Only one stretch of the data below is needed. Output the lines from the one with "Áo hoodie sweatshirt" up to and including the one with "Serek homogenizowany w saszetce truskawka", exactly as they stand.

Crawled caption data
****************

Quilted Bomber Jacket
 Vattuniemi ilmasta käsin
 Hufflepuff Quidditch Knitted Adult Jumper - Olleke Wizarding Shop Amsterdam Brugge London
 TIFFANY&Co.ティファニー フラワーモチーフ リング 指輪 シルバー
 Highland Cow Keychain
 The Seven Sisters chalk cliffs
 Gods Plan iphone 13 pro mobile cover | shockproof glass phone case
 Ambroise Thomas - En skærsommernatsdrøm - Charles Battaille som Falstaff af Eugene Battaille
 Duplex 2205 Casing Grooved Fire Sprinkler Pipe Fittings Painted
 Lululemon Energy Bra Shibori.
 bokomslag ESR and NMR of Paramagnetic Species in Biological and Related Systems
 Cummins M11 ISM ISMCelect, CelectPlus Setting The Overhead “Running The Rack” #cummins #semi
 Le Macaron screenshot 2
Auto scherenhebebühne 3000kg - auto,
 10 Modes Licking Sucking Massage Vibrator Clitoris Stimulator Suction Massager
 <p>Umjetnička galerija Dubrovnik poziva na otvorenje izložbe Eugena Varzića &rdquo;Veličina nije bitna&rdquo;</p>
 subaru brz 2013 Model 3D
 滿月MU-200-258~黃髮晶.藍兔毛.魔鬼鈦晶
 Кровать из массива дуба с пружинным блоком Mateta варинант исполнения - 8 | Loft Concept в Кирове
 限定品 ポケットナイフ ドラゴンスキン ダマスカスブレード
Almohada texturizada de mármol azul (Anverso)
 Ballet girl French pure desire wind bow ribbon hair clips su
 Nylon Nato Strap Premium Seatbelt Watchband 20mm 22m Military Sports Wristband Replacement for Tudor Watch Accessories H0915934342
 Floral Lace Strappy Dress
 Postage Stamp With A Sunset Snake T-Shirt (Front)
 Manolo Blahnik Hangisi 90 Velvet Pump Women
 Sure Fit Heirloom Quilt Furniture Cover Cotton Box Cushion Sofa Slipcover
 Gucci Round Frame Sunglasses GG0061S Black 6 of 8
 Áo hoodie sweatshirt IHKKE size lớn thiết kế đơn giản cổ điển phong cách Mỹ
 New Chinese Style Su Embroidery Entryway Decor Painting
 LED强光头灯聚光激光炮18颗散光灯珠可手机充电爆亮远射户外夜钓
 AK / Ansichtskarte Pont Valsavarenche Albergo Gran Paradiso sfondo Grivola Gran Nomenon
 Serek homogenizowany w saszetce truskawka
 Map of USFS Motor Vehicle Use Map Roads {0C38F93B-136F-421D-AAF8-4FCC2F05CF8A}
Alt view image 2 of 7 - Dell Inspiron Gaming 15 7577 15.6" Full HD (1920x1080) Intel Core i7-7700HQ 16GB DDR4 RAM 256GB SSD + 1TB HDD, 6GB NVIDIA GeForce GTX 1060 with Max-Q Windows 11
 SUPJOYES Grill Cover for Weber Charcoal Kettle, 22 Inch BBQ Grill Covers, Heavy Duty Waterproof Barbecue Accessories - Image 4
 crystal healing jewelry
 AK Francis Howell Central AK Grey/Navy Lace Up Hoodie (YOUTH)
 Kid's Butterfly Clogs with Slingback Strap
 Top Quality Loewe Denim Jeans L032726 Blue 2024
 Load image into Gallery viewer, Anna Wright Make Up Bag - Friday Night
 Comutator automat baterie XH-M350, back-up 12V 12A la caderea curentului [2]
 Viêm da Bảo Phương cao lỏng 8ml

****************

▶ Solution to the problem:
 Áo hoodie sweatshirt IHKKE size lớn thiết kế đơn giản cổ điển phong cách Mỹ
 New Chinese Style Su Embroidery Entryway Decor Painting
 LED强光头灯聚光激光炮18颗散光灯珠可手机充电爆亮远射户外夜钓
 AK / Ansichtskarte Pont Valsavarenche Albergo Gran Paradiso sfondo Grivola Gran Nomenon
 Serek homogenizowany w saszetce truskawka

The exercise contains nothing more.